Wow! SHe could be my Nibbles' twin!!! Naturally, I think she's gorgeous!!!


----------



## MyBrandy (Jan 19, 2011)

would like to see another shot of her back lower leg, in that one picture it seemed the pasterns were really upright, maybe just my eyes 
She is a cutie!


----------



## CLaPorte432 (Jan 3, 2012)

Shes cute.

But...In a gangly, growing stage. Shes long, lean and lanky. Needs developing and muscle tone.

Id like to see her as a 4 year old.
_Posted via Mobile Device_


----------



## Endiku (Dec 6, 2010)

I hope that you aren't riding her yet? She's still far too underdeveloped to ride without damaging her yet.


----------



## FeatheredFeet (Jan 27, 2010)

^ Agreed.

Lizzie


----------



## dakotanight (Jul 21, 2011)

she is about to turn three, but she is a sweet heart. we are only having very light adults/ kids get on her


----------



## Endiku (Dec 6, 2010)

I wouldnt risk even that if I were you. Give her until she's about 38 months old and re-evaluate her then to see if she's caught up wth herself by then. At this point she's so butt high that theres no way she can be balanced enough to carry a rider properly and the only thing you'll be doing is teaching her to dump all of her weight onto her front and drag you along for the ride. 

Some horses are ready to ride lightly as long two year olds, many are not. I'd say that she's one that isn't.

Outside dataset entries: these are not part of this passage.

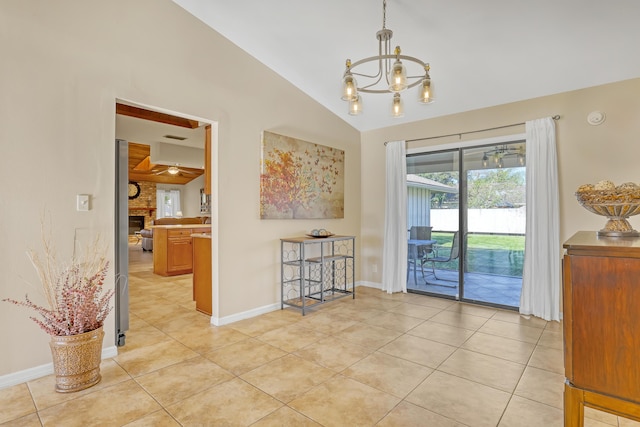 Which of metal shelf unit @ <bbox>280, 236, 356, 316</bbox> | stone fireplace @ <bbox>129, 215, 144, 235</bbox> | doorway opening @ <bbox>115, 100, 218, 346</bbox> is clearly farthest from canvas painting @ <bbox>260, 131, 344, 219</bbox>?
stone fireplace @ <bbox>129, 215, 144, 235</bbox>

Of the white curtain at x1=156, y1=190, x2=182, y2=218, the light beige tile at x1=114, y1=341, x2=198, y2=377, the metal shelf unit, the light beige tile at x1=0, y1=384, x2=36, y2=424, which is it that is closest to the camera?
the light beige tile at x1=0, y1=384, x2=36, y2=424

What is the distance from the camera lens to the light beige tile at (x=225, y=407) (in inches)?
73.4

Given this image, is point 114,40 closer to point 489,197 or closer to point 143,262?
point 489,197

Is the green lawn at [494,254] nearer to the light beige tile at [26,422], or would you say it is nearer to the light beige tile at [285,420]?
the light beige tile at [285,420]

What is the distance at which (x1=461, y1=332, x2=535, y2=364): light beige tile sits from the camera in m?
2.70

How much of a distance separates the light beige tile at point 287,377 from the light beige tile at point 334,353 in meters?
0.08

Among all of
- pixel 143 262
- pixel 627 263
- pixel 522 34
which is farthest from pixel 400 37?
pixel 143 262

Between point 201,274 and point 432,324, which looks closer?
point 432,324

If you do have someone riding her though, make sure that its only at a walk. Anything more than that and you're likely to have a horse with a bowed tendon or torn ligament before she turns four. If she were mind I probably wouldnt even start her until she was atleast three and a half because she appears to be one of the 'late bloomers' and also sems to have the prospect of being a very nice horse...if given time.


----------



## dakotanight (Jul 21, 2011)

we have only been walking her, i have a trainer who has been helping me with her. we are mainly doing ground work and getting her to show more respect and have more ground manners, we only get on her twice a week for maybe 30 minutes at a time.


----------



## FeatheredFeet (Jan 27, 2010)

If she hasn't yet got all her ground manners and respect down pat yet, then she shouldn't be ridden. Who is this supposed 'trainer'?? Most knowledgeable horse trainers would not be allowing anyone to ride this very underdeveloped horse, to be ridden yet.

Lizzie


----------



## Roberto (Dec 17, 2009)

I'll have to agree with the others about riding her already, as well as why is she already in a shank bit?


----------



## MyBrandy (Jan 19, 2011)

I think it's perfectly fine to start a 2 year old QH under saddle, 2 x per week at slow work if completely fine by me.. as long as they aren't asked to gallop or go in tight circles so strain would not be put on their knees then it's fine. 2 x 30 minutes, in fact I would probably do 3 x week about 15- 20 minutes just to keep things consistent, keep it short and sweet, lots of praise, work on the basics, go, stop, lots of flexing, cueing from your seat etc.
Continue ground work, mounting, unmounting many times on BOTH sides, ground tying, sacking her out, loading in the trailer etc...


----------



## MyBrandy (Jan 19, 2011)

I would keep her in a snaffle (no curb bit) until later in her training.. some horses don't need a curb bit.. depends on your riding style, if you plan to ride her western then yes, but not till later in her training.. I actually teach my horses basic concept of neck-reining in a snaffle bit..


----------



## dakotanight (Jul 21, 2011)

the only things we do are walk, work on flexing, lunge line, standing still while mounting UN-mounting and while we mess with her feet. we work with her also on loading and unloading in our trailer, also teaching her leg ques and all of her basics until she completely has all of this down. we aren't going to do anything more than this until after she is about 3 1/2 to four years old and then we aren't even going to start training her for any discipline until she is 5.


----------



## caseymyhorserocks (Apr 5, 2010)

dakotanight said:


> the only things we do are walk, work on flexing, lunge line, standing still while mounting UN-mounting and while we mess with her feet. we work with her also on loading and unloading in our trailer, also teaching her leg ques and all of her basics until she completely has all of this down. we aren't going to do anything more than this until after she is about 3 1/2 to four years old and then we aren't even going to start training her for any discipline until she is 5.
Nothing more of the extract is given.